A few years ago I had the pleasure of meeting Arthur Sulzberger, Jr. and Bill Keller at The New York Times building on Manhattan. Keller was the long time editor in chief of the newspaper and Sulzberger its proprietor. We met at what must have been the 50th floor of the company headquarters, on 8th Avenue. I write company headquarters, instead of newspaper, because this part of the building was accessible only through a separate elevator-system and was strictly off-limits for the regular New York Times reporters. We spoke for about an hour and a half for the film Mediastan that I was shooting at the time, and now in hindsight, I’m both grateful and surprised by how honestly the administrative and real heads of the enterprise described the nature of their work. Grateful, because the degree of openness they exhibited is a rarity in the backrooms of journalism. Surprised, because what they were doing wasn’t journalism, at least not in the sense that I had been taught in journalism school in Sweden. No, the work that Keller and Sulzberger were describing was something entirely different, and as such it was a shame that this part of the building was off-limits to the journalists of their own newspaper. Because, as I would soon realize, the upper levels of the New York Times building was a place where a variety of important political decisions were negotiated and taken. A space, ironically, very far from scrutiny of the pubic eye.
The walls of the meeting-room were I sat down with Bill Keller and Arthur Sulzberger, Jr. were adorned by signed portraits of important people that had visited this off-limits place. The editor at the company proudly explained that this was the “Hall of Fame”, and that The New York Times was like an embassy for important people from across the world. There was also the obligatory centrepiece – I had filmed the same thing so many times in the Middle East and in the Central Asian republics, but I must admit that I was surprised to see it here – at the head of the table was a framed and signed photograph of the president. The handwritten message on it said: “To Arthur- thank you for a memorable editorial board meeting. Barack Obama”.

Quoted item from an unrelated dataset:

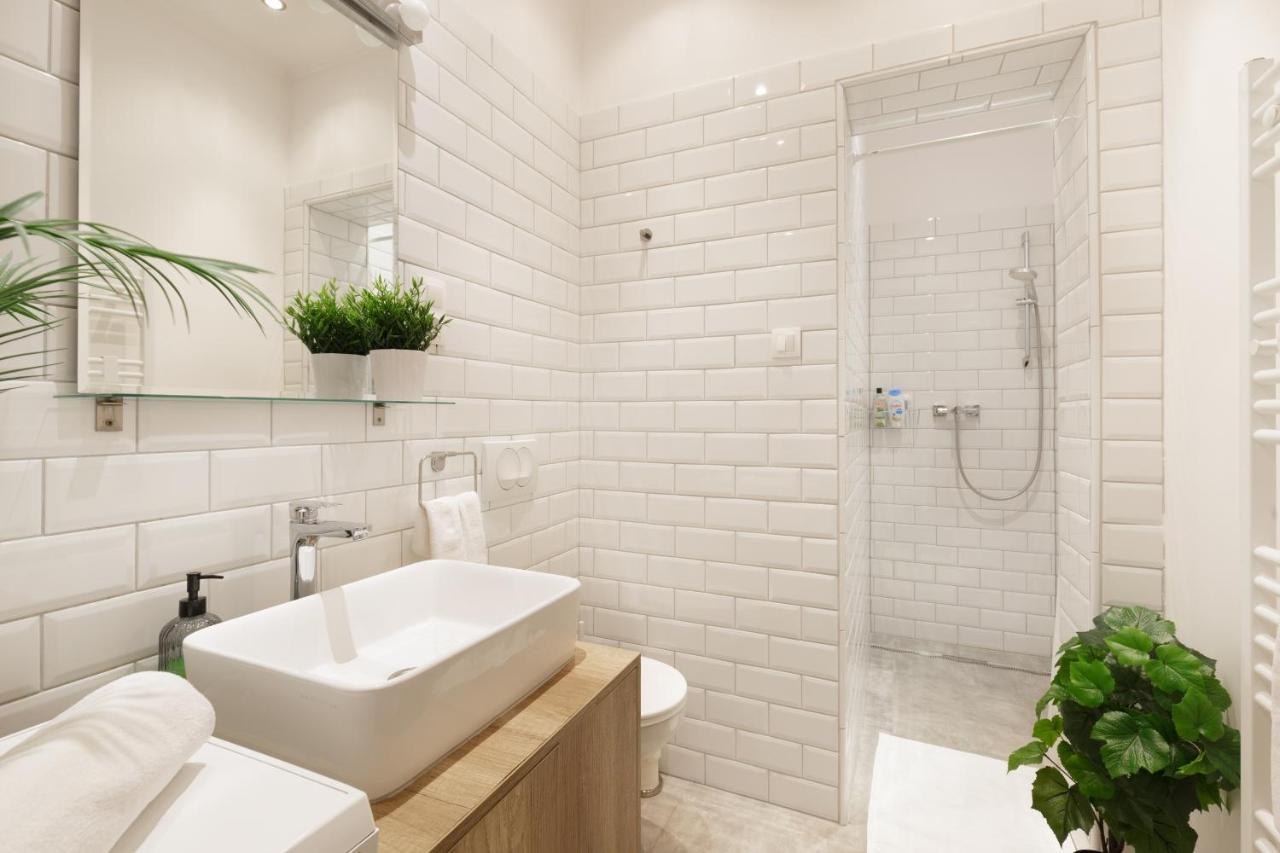 Appartamento Red Dot Two - New Unit In The Heart Of Party Town Budapest Esterno foto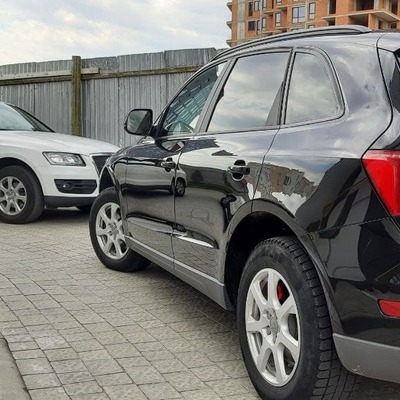 Весільний кортеж AUDI Q5 — логотип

This off-limits part of the building was not only where the president would sit in on editorial board meetings, it was also the place where Libyan leader Muammar Gaddafi was received when he successfully negotiated to be removed from “The Axis of Evil” list after 9/11. At that point in time The New York Times was still considered perhaps the most important publication in the world, and what it wrote was thought to have a direct impact on the life and death of nations. Because of this, many powerful people would put a lot of effort and money into gaining preferable coverage from The New York Times. These floors, Bill Keller told me, was where the proprietor and the editors of the newspaper would meet with and negotiate deals with powerful visitors. In retrospect, whatever “deal” that Gaddafi struck with The New York Times, the exonerating article penned by Judith Miller didn’t save his life, nor did it save his nation from the might of the US air force.